▼

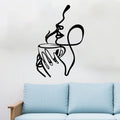 Elegant Woman Line Art Metal Wall Decor Black Iron Sculpture 15.75x10.59 Inch Modern Home Balcony Housewarming Artwork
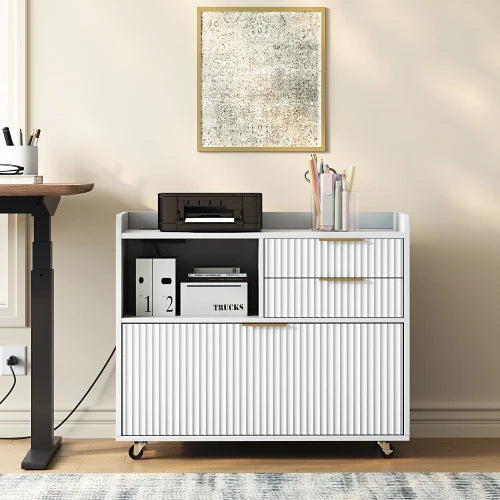 Mobile Office Filing Cabinet With Charging Station And Open Shelf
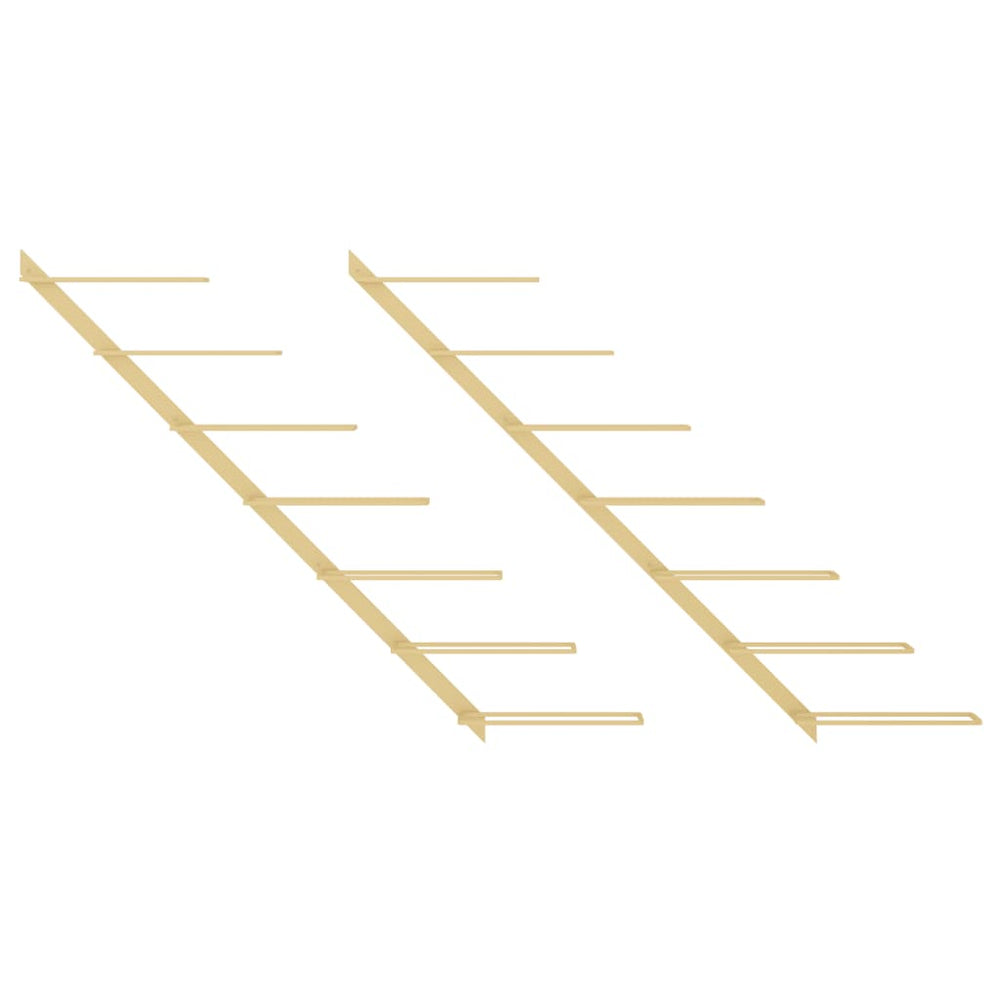 Wijnrekken 2 st voor 7 flessen wandmontage metaal goudkleurig MeubelReus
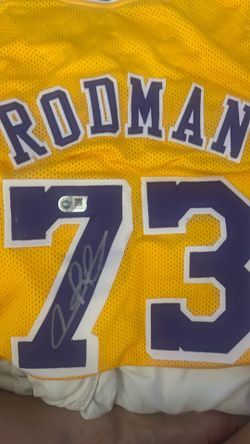 Dennis Rodman signed authenticated Los Angeles lakers jersey #73 in classic gold/yellow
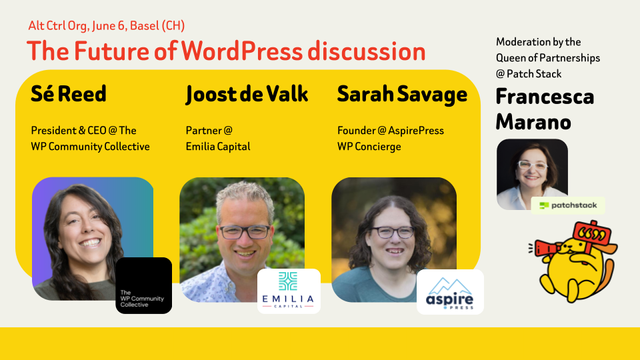 Se Reed, Joost de Valk, Sarah Savage and Francesca Marano on the Future of WordPress discussion 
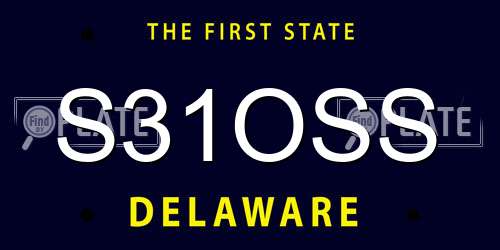 S31OSS Delaware License Plate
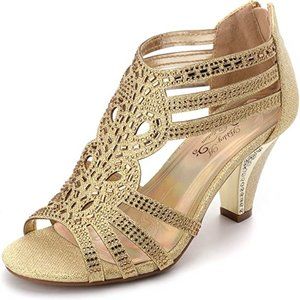 Gold Crystal Heels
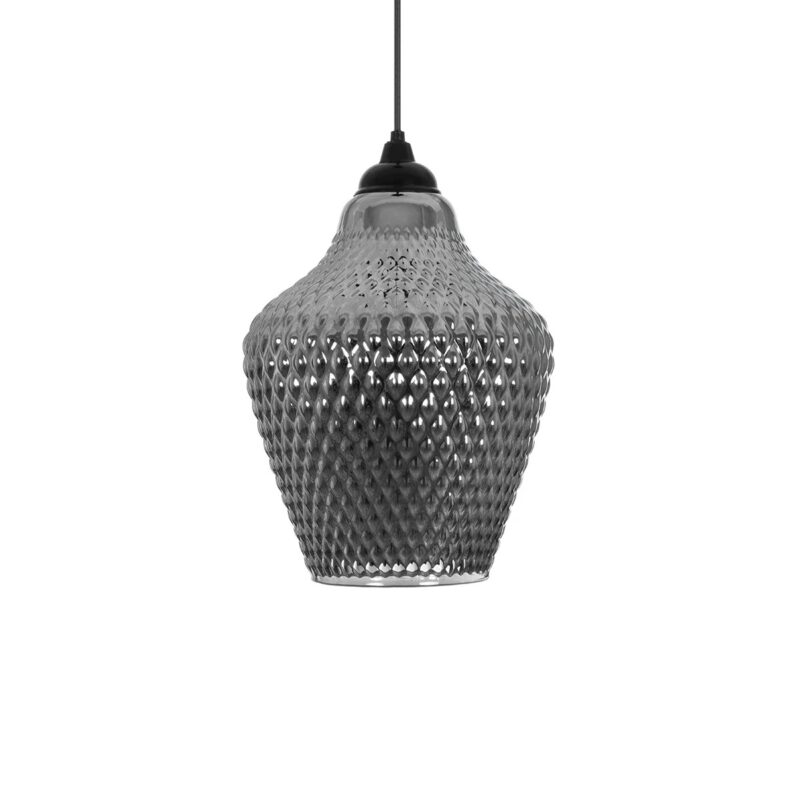 GLOBOSTAR® SKLO 206-0024 Μοντέρνο Κρεμαστό Φωτιστικό Οροφής με Ντουί 1 x E27 AC 220-240V IP20 – Μαύρο Φιμέ – Μ22 x Π22 x Υ31cm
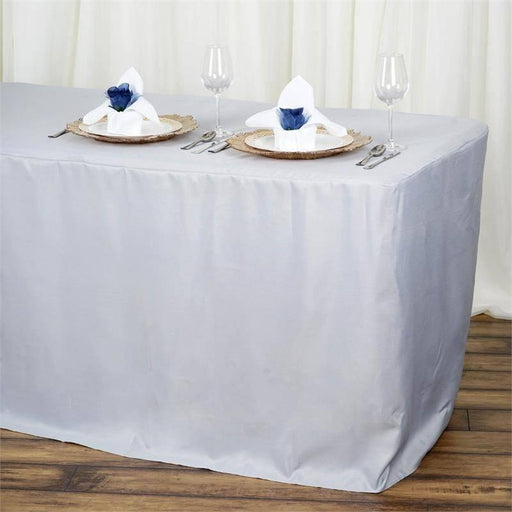 6 ft Fitted Polyester Tablecloth 72" x 30" x 30" - Silver Light Gray TAB_FIT6_SILV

▲

*What is being asked:*
Write down the full listing above exactly as it is, except for any images.

*Solution for this task:*
 Elegant Woman Line Art Metal Wall Decor Black Iron Sculpture 15.75x10.59 Inch Modern Home Balcony Housewarming Artwork
 Mobile Office Filing Cabinet With Charging Station And Open Shelf
 Wijnrekken 2 st voor 7 flessen wandmontage metaal goudkleurig MeubelReus
 Dennis Rodman signed authenticated Los Angeles lakers jersey #73 in classic gold/yellow
 Se Reed, Joost de Valk, Sarah Savage and Francesca Marano on the Future of WordPress discussion 
 S31OSS Delaware License Plate
 Gold Crystal Heels
 GLOBOSTAR® SKLO 206-0024 Μοντέρνο Κρεμαστό Φωτιστικό Οροφής με Ντουί 1 x E27 AC 220-240V IP20 – Μαύρο Φιμέ – Μ22 x Π22 x Υ31cm
 6 ft Fitted Polyester Tablecloth 72" x 30" x 30" - Silver Light Gray TAB_FIT6_SILV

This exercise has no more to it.